Howth is a fishing town that most people see from the cliff path or the pier. The view from the water is something else entirely. This 55-minute coastal cruise takes you out along the cliffs, past Ireland’s Eye, and back through the harbour with Dublin Bay opening up behind you - and it’s the kind of trip that changes how you think about the whole coastline.
You meet on the pier and head out along the Howth coastline, taking in Balscadden Bay, the rugged cliff scenery, the Howth Lighthouse, and the uninhabited island of Ireland’s Eye. Your captain provides live commentary throughout - local knowledge about the seabirds, the rock formations, and the history of the area. The native seal colony tends to gather around the rocks near the island, and with a bit of luck you’ll get close enough for a proper look. Seabirds nest along the cliff faces in good numbers too, so bring binoculars if you have them.
It’s a relaxed trip that doesn’t ask much of you - just show up on the pier, get on the boat, and let someone who knows the coastline inside out show it to you from the best possible angle.
The DART to Howth is the obvious move. Take the northbound DART from Connolly or Pearse stations to the end of the line - Howth is the terminus, so you can’t overshoot it. The journey takes about 30 minutes from the city centre and drops you a short walk from the pier.
Get there with time to walk along the pier beforehand. The fishing boats, the lobster pots piled up on the quay, the smell of the sea - it all sets the scene nicely before you get out on the water. The pier itself is a good spot for photos of the village and the harbour mouth.

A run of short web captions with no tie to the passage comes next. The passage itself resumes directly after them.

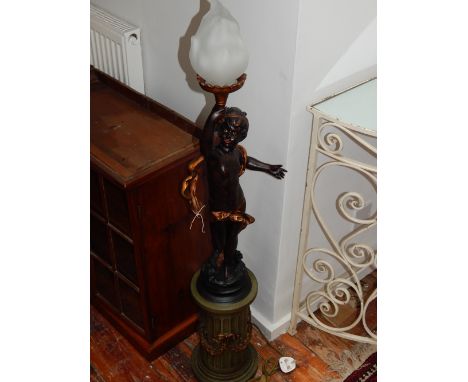 A 20th century torchere, modelled as a cherub holding a lamp, raised on a fluted column, H. 122cm.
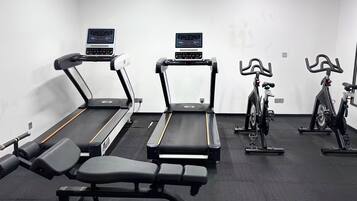 Un gimnasio con cintas de correr, bicicletas estáticas y bancos de pesas.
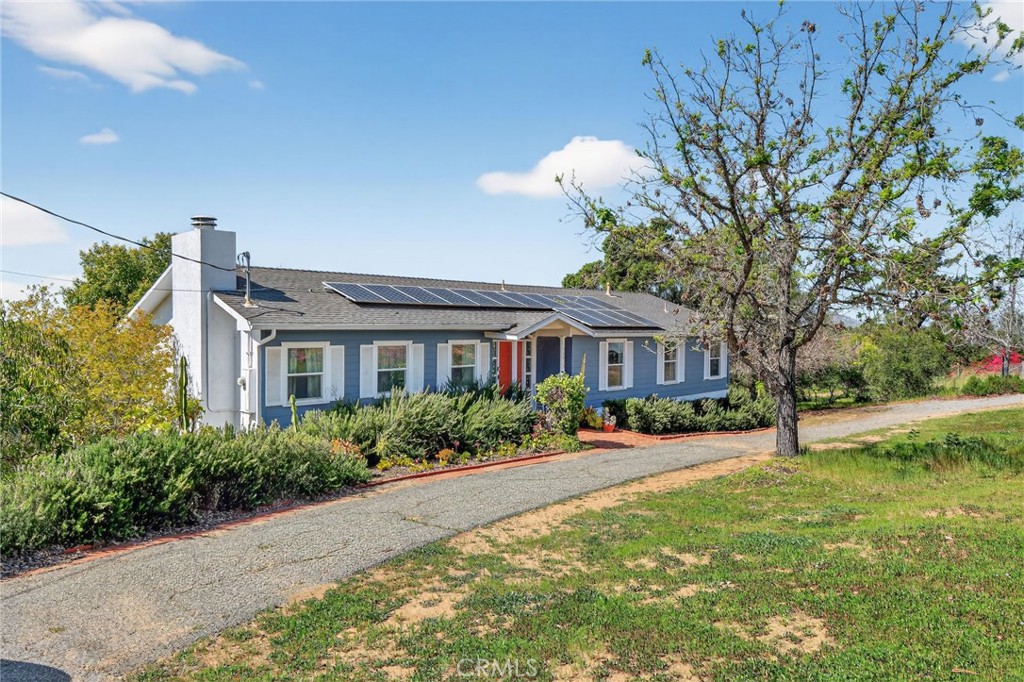 10079 West Lilac Road Escondido, CA 92026 - Photo 2 of 50 a front view of a house with a yard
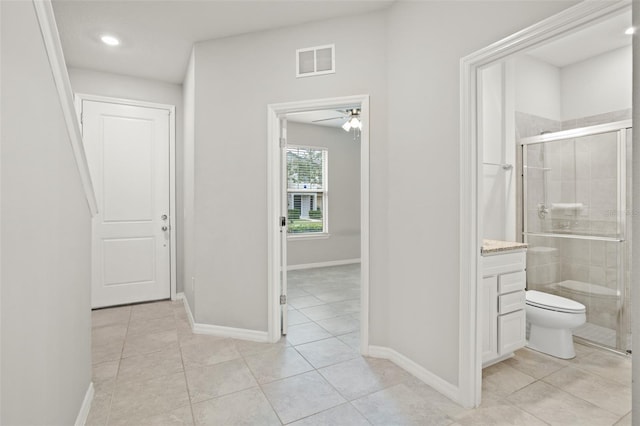 corridor featuring light tile patterned floors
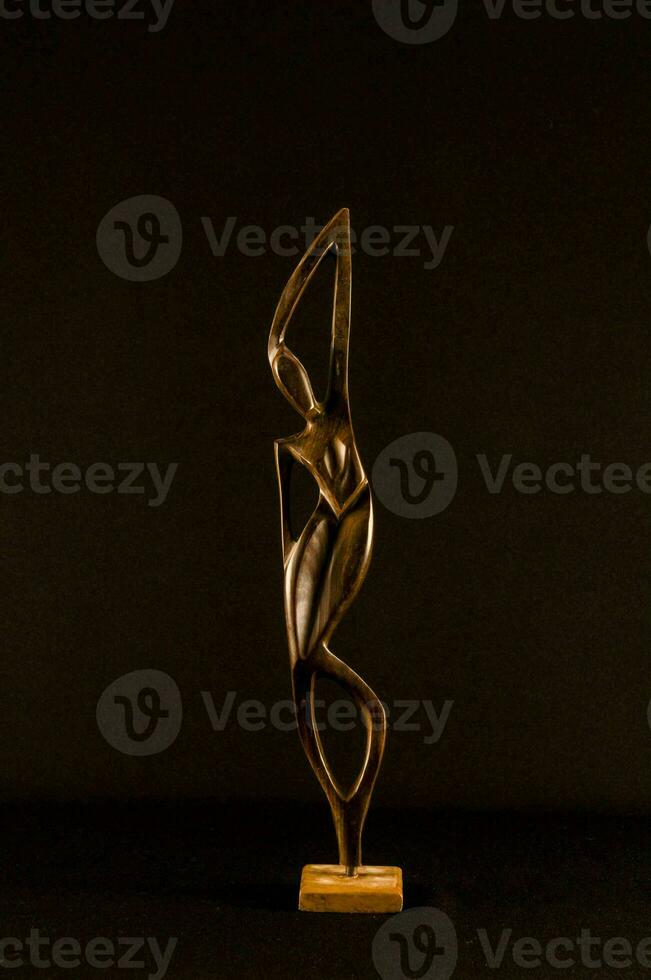 une bronze sculpture de une femme sur une en bois base photo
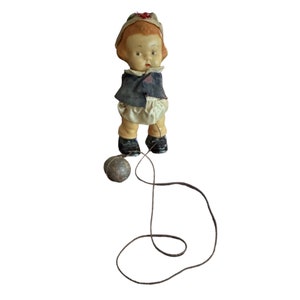 May include: A vintage pull toy with a porcelain doll dressed in a blue jacket and white pants. The doll is attached to a string that is connected to a weighted ball.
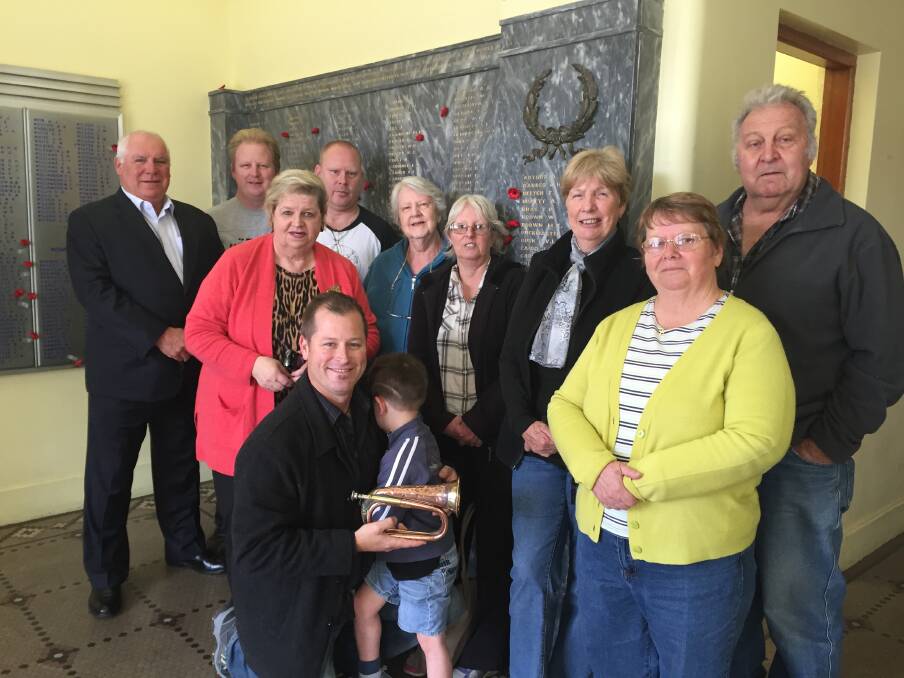 History returns homes: Three generations of the Hattersley family made the four-hour journey to the Yass Valley Region to present the piece of lost history to the Yass and District Historical Society. Photo: Jessica Cole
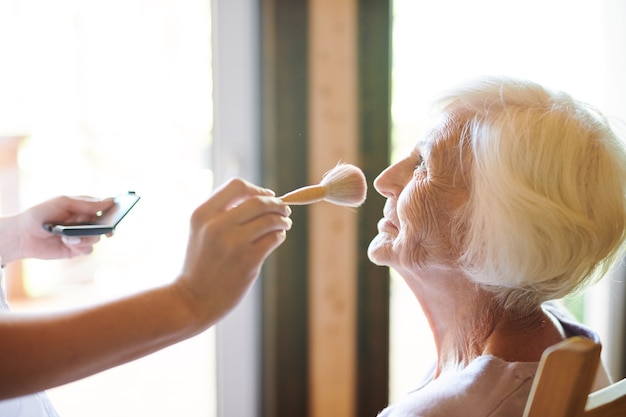 Estetista contemporanea con pennello per cipria che lavora sul trucco della signora senior prima del servizio fotografico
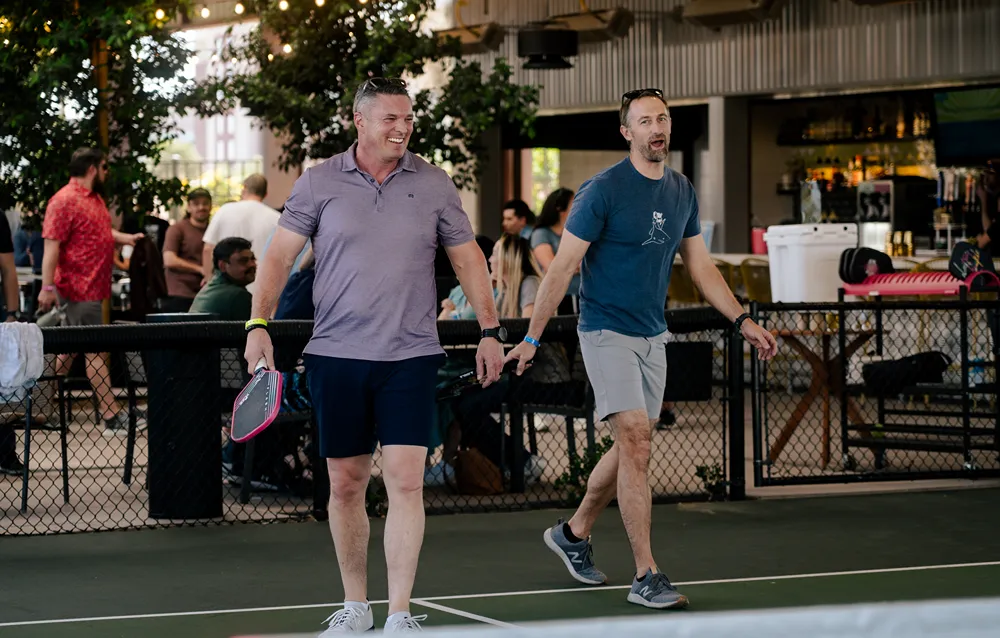 some man posing and holding pickleball rackets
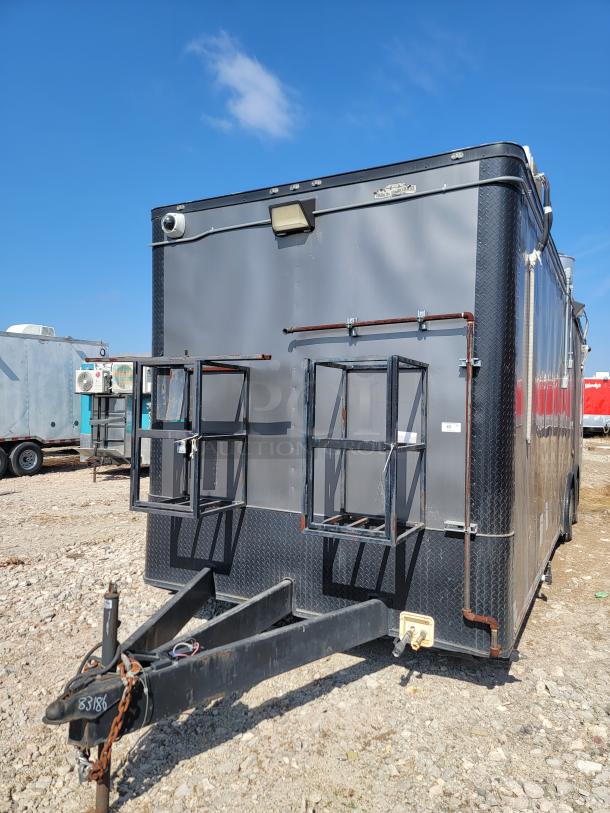 2020 Diamond Cargo 28' food trailer with 5200 LB dual axle. Features include Black Diamond cooking gear, Arctic Air refrigeration, and Mitsubishi climate control. VIN: 53NBE2824L1083186.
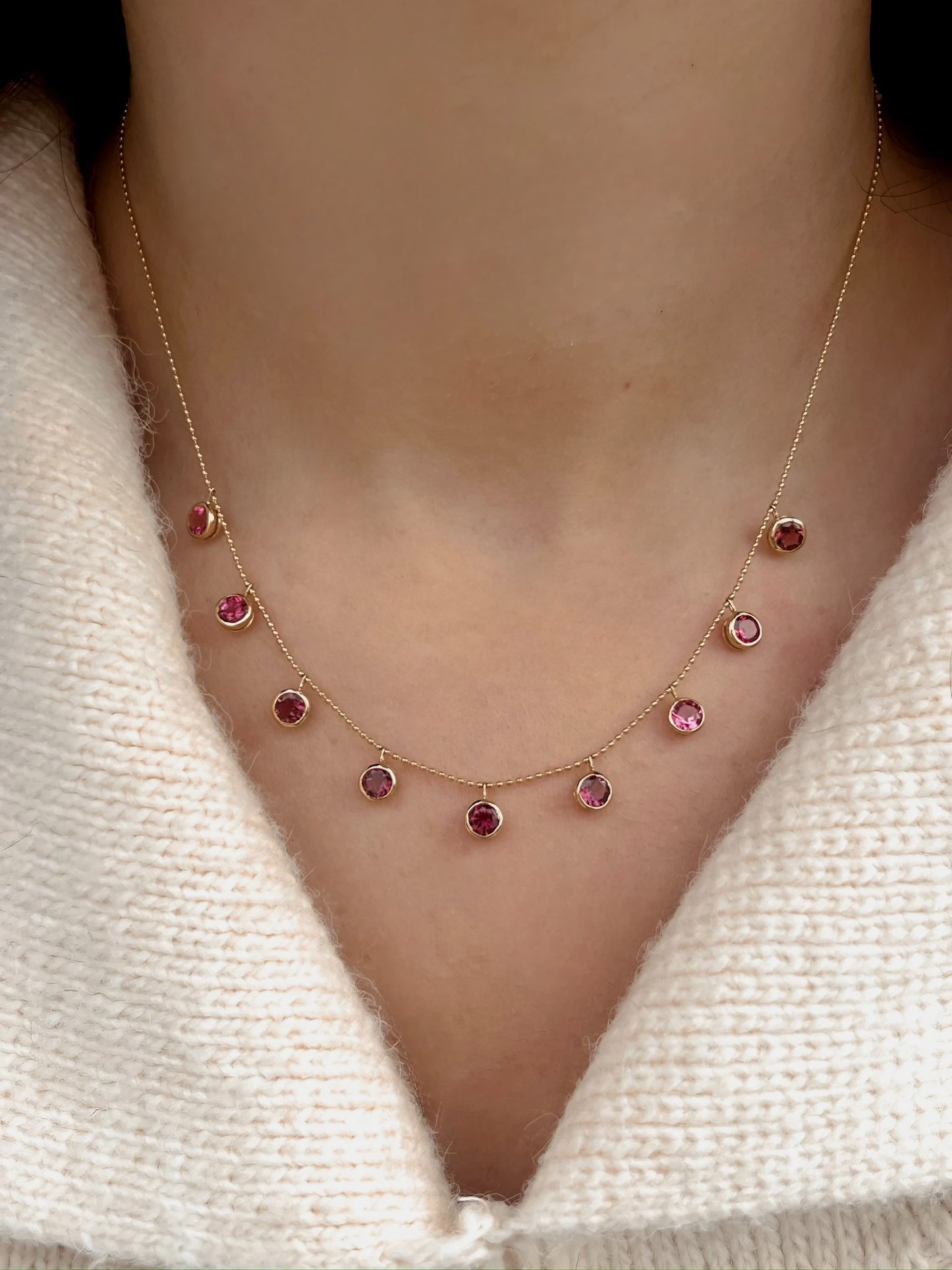 Handcrafted 18k Pink Tourmaline Station Necklace featuring nine pink tourmalines bezel set and dangling from a dainty ball chain necklace. Perfect as October Birthstone gift | Ella Creations Jewelry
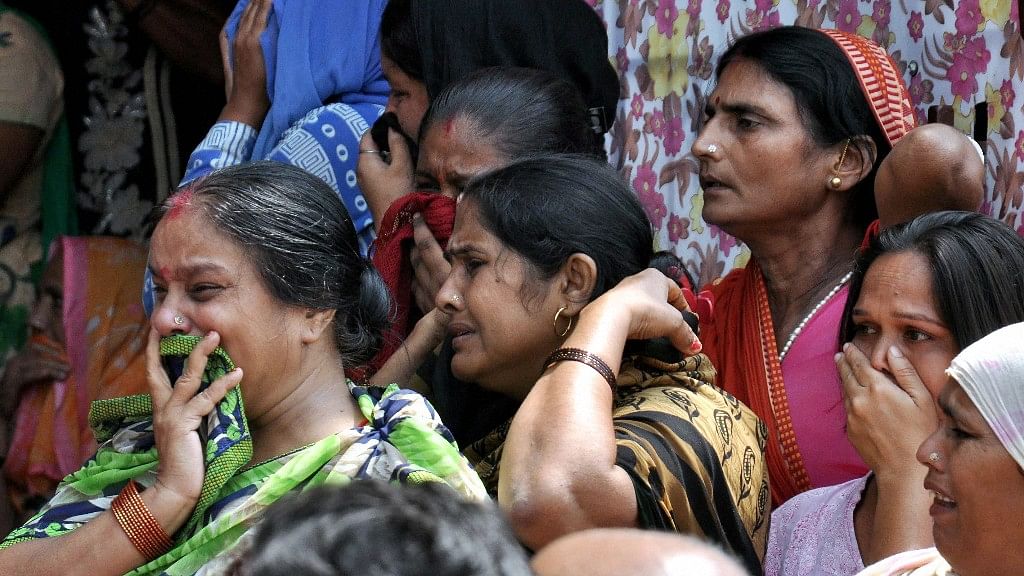 Family members and relatives cry during the funeral of Pradyumn in Gurugram.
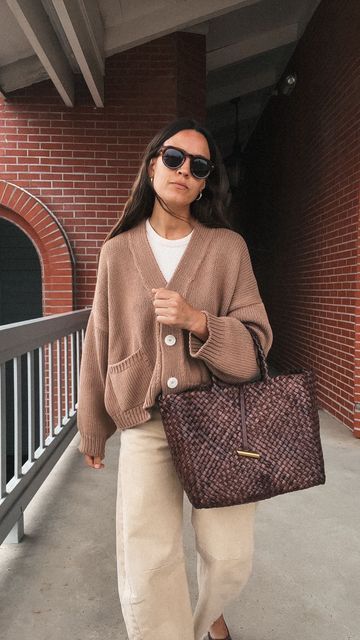 Natalie Borton on Instagram: "Wearing shades of brown on this gloomy June day in San Diego ☁️☁️☁️ Where do you live, and what’s the weather like for you right now?!   〰️ @babaa sweater 〰️ @citizensofhumanity jeans 〰️ @littleliffner bag 〰️ @fredasalvador ballet flats 〰️ @nataliebortondesigns hoops & sunnies 〰️ Cream tank is coming soon!  Like the look? Save it for later when you need an outfit idea 🤎✨" Babaa Sweater, Platform Mules Outfit, Brown Sweater Outfit, San Diego Outfits, June Days, Natalie Borton, Wearing Shades, Mules Outfit, Platform Mules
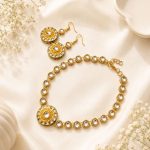 Flat lay view of gold plated Kundan necklace and earrings set on decorative background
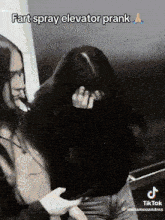 a woman covering her face with her hand while another woman looks at her phone and says fart spray elevator prank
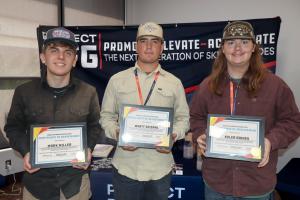 Three young men stand shoulder to shoulder in front of a “Promote – Elevate – Accelerate the Next Generation of Skilled Trades” banner, each holding a framed Certificate of Achievement. They are wearing casual work shirts, baseball caps, and event lanyard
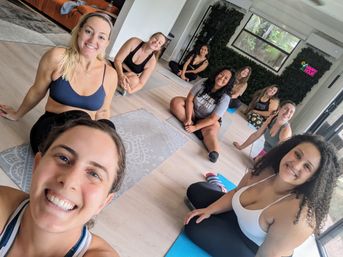 Smiling group of women in activewear sitting on yoga mats in a bright, plant-lined studio, posing for a post-class selfie after a group fitness/yoga session.
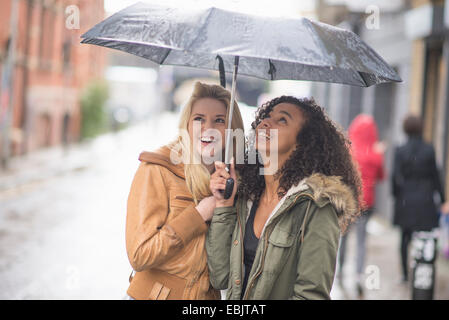 Junge Frauen, die bergende unter Dach Stockfoto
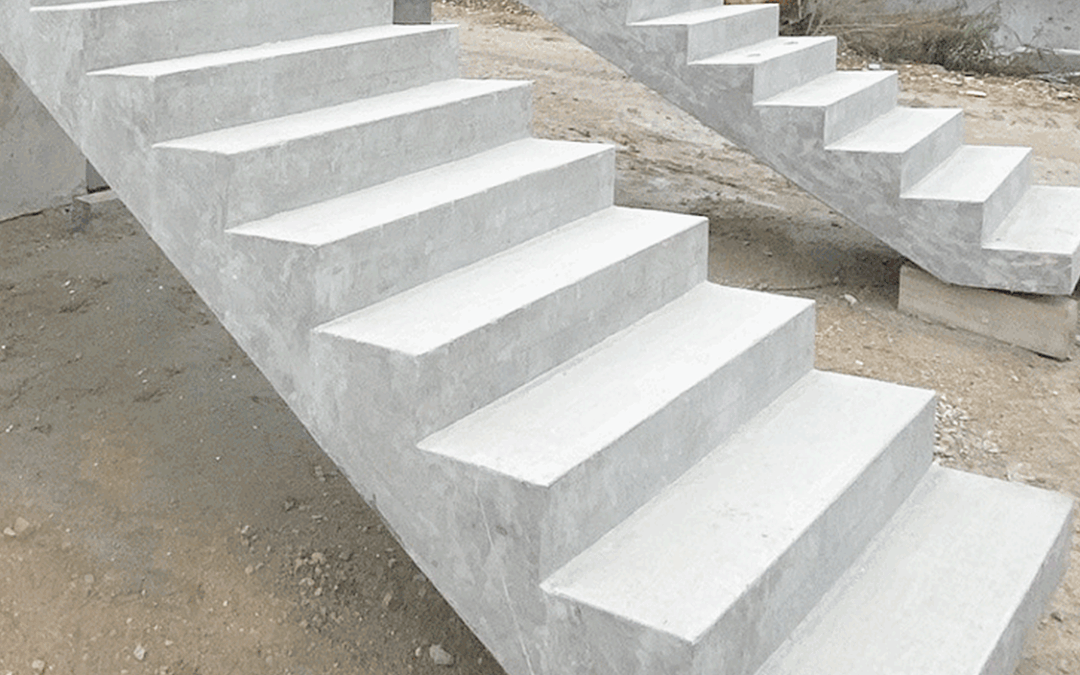 Two unfinished concrete staircases stand outdoors on a construction site with dirt ground; there are no railings, and construction materials and pipes are visible in the background.
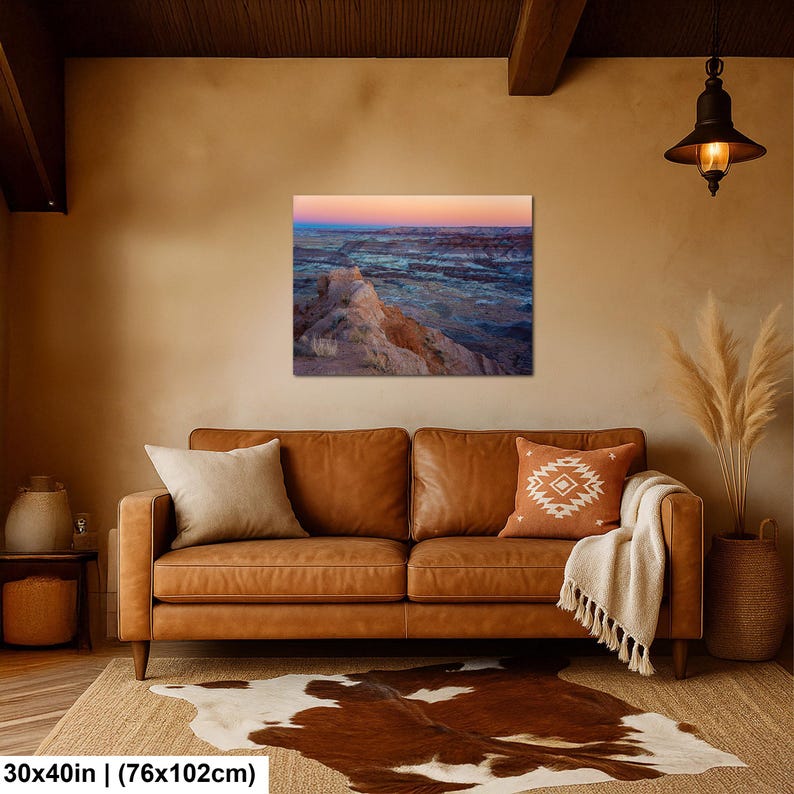 May include: A rectangular wall art print featuring a desert landscape at sunset with layered rock formations in shades of blue, purple, and orange. The print measures 30 inches by 40 inches and is displayed on a plain wall above a leather sofa.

If you’re combining this with the cliff walk, do the walk first. The Howth cliff loop is one of the finest short walks in the Dublin area and takes a couple of hours depending on which route you take. Finishing with a boat trip gives you the coastal picture from both angles, and you’ll have earned a good lunch on the pier afterwards.
The fish and chips on the pier are worth staying for. Howth has a long-running reputation for fresh seafood and the chippers along the harbour front live up to it. Sitting out on the pier with a paper bag of chips after a morning on the water is a very solid plan.
Ireland’s Eye looks different up close. From the cliff path the island appears as a silhouette on the horizon. From the water you can see the rock stacks, the nesting birds, and the old ruined church on the island’s shore. The commentary from the captain ties all of that together in a way that makes it land properly.